By: Marie DeFreitas
You are always the first and last person I think of when I think of the island. I don’t think of it as much anymore. You were there at nine years old, when I first got off the plane, and you are here now as a text message on my phone at 5am. You’re probably getting ready for work.
We met at St. Angela’s Catholic primary school and wore uniforms that looked like striped pajamas. You were much louder and braver than I was, and spoke to everyone around us. I liked your confidence. You spoke fast and coated in a Bajan accent. I was quiet and barely could understand a word anybody said. But I could always understand you.
There was a first time I came to your house. We ate chicken nuggets and drank red kool-aid and raced on scooters down your street. That was your dad’s house. I could see your parents weren’t together, before you told me. You told me your mom lives in St.
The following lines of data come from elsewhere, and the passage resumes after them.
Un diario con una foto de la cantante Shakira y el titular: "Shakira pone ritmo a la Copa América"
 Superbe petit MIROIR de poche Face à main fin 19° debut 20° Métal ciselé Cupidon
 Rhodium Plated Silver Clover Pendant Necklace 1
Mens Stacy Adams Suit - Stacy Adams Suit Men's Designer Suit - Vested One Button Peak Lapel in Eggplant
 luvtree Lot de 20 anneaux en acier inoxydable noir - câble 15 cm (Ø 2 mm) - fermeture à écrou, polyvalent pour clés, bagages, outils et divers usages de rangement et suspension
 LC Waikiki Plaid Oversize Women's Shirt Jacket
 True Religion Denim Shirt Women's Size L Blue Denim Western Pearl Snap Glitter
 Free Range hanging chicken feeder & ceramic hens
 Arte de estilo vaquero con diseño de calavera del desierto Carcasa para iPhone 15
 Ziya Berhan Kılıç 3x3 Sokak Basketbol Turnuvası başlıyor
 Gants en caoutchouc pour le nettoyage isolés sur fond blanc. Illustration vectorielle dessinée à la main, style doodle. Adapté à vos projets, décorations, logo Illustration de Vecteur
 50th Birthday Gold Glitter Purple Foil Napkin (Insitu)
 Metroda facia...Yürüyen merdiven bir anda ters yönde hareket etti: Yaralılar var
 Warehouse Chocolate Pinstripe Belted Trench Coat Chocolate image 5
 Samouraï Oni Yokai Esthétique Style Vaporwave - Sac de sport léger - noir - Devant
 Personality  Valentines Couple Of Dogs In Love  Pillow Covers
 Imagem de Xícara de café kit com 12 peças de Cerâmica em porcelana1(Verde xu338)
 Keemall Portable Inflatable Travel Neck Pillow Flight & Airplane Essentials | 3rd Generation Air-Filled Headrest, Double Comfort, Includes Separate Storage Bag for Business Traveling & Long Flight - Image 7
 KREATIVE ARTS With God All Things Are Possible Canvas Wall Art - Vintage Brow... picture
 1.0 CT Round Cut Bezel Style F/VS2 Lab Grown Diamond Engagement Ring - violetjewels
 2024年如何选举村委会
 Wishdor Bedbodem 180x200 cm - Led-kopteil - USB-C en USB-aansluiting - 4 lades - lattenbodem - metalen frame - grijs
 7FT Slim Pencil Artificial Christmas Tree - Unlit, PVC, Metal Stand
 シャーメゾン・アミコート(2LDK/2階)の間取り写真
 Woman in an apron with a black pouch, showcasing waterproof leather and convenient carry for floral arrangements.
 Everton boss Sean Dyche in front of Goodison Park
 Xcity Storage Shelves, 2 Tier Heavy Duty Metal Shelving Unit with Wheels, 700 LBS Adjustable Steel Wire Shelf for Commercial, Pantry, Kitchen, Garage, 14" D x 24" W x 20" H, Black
Kitt’s, and you see her once a year.
I looked around your dad’s small house, with the creaky floorboards and cement walls. It was crowded with tables and shelves of family photos, many of you, your grandmother and your sisters. But there were also many photos of someone else; a thin bearded man that looked sad. I knew from books and stories that this man was Jesus. Your family was Catholic, and half of mine was too. But seeing these pictures felt strange, and my ten-year-old mind just couldn’t be wrapped around why someone would have pictures of a dead guy in their house.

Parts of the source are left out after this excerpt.